Foucault's Pendulum

by Umberto Eco

(Fiction)

 

Paperback
533 pages
(December 1990)
Ballantine Books
ISBN: 0345368754

Bookshelf Categories

Alchemy & Hermeticism

 

* ORDER THIS BOOK *

 

Synopsis:

A gleeful tour-de-force novel that ridecules every conspiratorial Templar-Rosicrucian-secret society theory there is -- while lovingly embracing them at the same time. At a certain point, you begin to wonder how much is fiction and how much is the author’s own speculative version of history cloaked in fiction. Clearly well-researched, while making fun of the theories that arise in his overactive mind. Worth reading to suggest actual areas of study.

 

Three clever book editors, inspired by an extraordinary fable they heard years befoe, decide to have a little fun. Randomly feeding esoteric bits of knowledge into an incredible computer capable of inventing connections between all their entires, they think they are creating a long lazy game--until the game starts taking over.... Here is an incredible journey of thought and history, memory and fantasy, a tour de force as enthralling as anything Umberto Eco--or indeed anyone--has ever devised.

Reviews:

Please.... read it!!!

9/4/2000

Reviewer: Julie from Aalborg, Jylland Denmark

This is a must read book - a total masterpiece which draws you into the mystery of the Knights Templars with such force that you cannot put down the book untill you finished reading it!!! Join Casaubon and his friends in their great Plan which is filled with history, myths, legends, mystery and well-hidden secrets! Please, do so!!!

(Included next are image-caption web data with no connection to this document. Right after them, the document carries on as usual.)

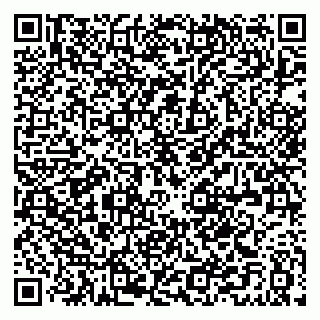 vCard 79021099927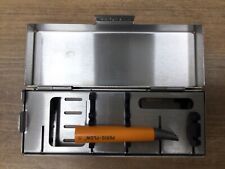 EMS Perio Flow Handstück für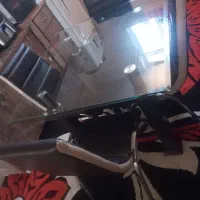 میز غذا خوری 4نفره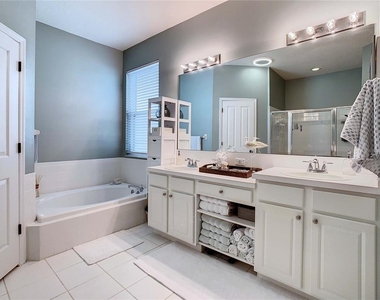 1521 Crooked Stick Drive - Photo Thumbnail 12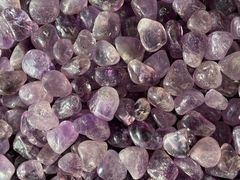 Amethyst Tumbled (A) - buy online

Cheery little Hermetic romp

8/28/2000

Reviewer: gwogga from Seattle, WA United States

Yes, indeed: Eco lays on the 'scholarly gobbledygook' with a trowel, here, and characterization in any real human manner is diverted by some unseen, vaguely alchemical, formula for life. There are a great many unnecessary details about Rosicrucians.

In my opinion, that's the best reason to read it. If one is willing to set aside the desire for a traditional character-driven story and relax into the self-moving, arcane dimness of the world Eco presents, one will be showered--yea, showered--with both esoteric trivia and a pleasantly removed distance from the events transpiring. The persepective, for all its first-person accounting, seems rather more some goddish creature observing over the narrator's shoulder, and coolly and elegantly relating the news of the goings-on.

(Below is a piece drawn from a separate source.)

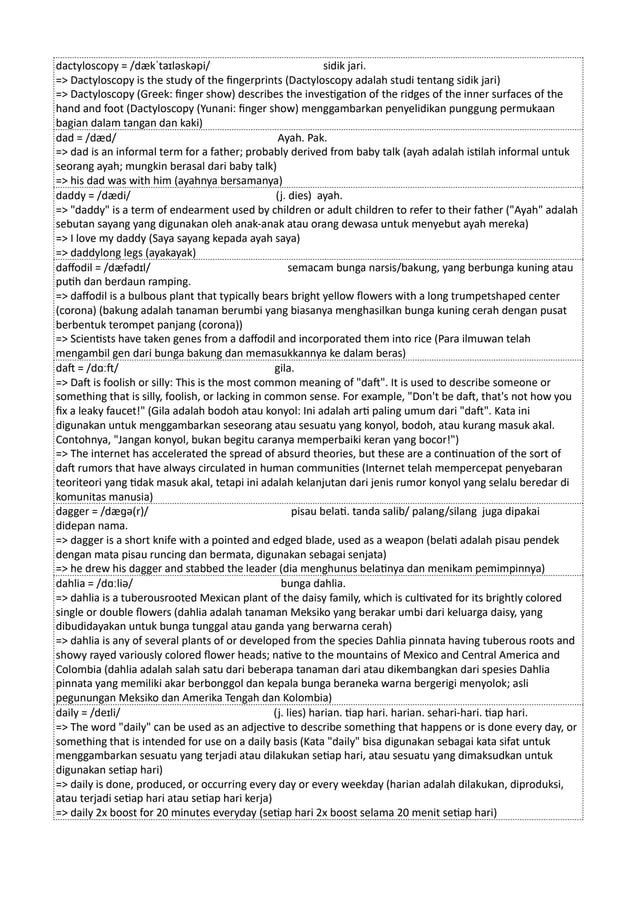 Kamus Inggris Martosudiro Dictionary-4998.pdf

Tastes great, more brain-filling

2/9/2000

Reviewer: villainess from Ithaca, NY

It's true: If you think that the Masons are those guys at the veterans day parade in funny hats, if the phrases 'Knights Templar' or 'Protocols of the Learned Elders of Zion' mean nothing to you, and if all you know about Italian history is that they were on the bad guys' side in WWII, this book is going to be quite difficult for you.

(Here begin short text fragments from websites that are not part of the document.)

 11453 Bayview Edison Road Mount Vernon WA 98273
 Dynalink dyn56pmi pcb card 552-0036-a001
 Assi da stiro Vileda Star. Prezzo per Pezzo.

But, if you have ever been or lived with an occultist; if you got a kick out of Robert Anton Wilson's work and still remember some of it through the drug haze; if you are morbidly fascinated with what the religious impulse and the love of conspiracy theory does to the human mind, this is a must-read.

This book is an example of perhaps the most difficult feat of all for a writer - the combining of a genuinely exciting and moving plot with a genuinely fascinating set of ideas. Where Eco does err, he errs on the side of too much idea and too little plot, but in the end, the balance comes out with a fantastic climax.

Total Masterpiece

9/8/1999

Reviewer: A reader from New Hampshire

For better or for worse, this book has changed my life. Not that I have become some paranoid conspiracy theorist, but I was inspired to discover the larger story hidden beneath our "known" history. Many of the reviewers comment on the difficulty of plodding through the density contained in this novel, going so far as to blame it on the writer's sanctimonious ego for its inclusion. I think these people are missing the boat, ignoring the fact that this density is what is require of the novel to make evident its meaning. I was fascinated and entranced by the extensive historical details, insofar as to say it was those aspects were what made this read so pleasurable. The message of the book, exemplified by Abulafia's skill at piecing together esoteric bits of information goes to show us how seemingly incoherent events of time shape our story of history. Eco shows us that the story can be changed, altered, and tailored; an alternate view of history revealed. Does this new history have any less validity than the accepted one? Eco makes the case that it doesn't, but also not to stress over it. This is the final revelation of the protagonist. Enjoy the density, enjoy the history. This is a fantastic opportunity to glimpse back in time.

 

About the Author:

 

[Bookshelf Home] [Magazine Home] [New Vision Home] [New Books]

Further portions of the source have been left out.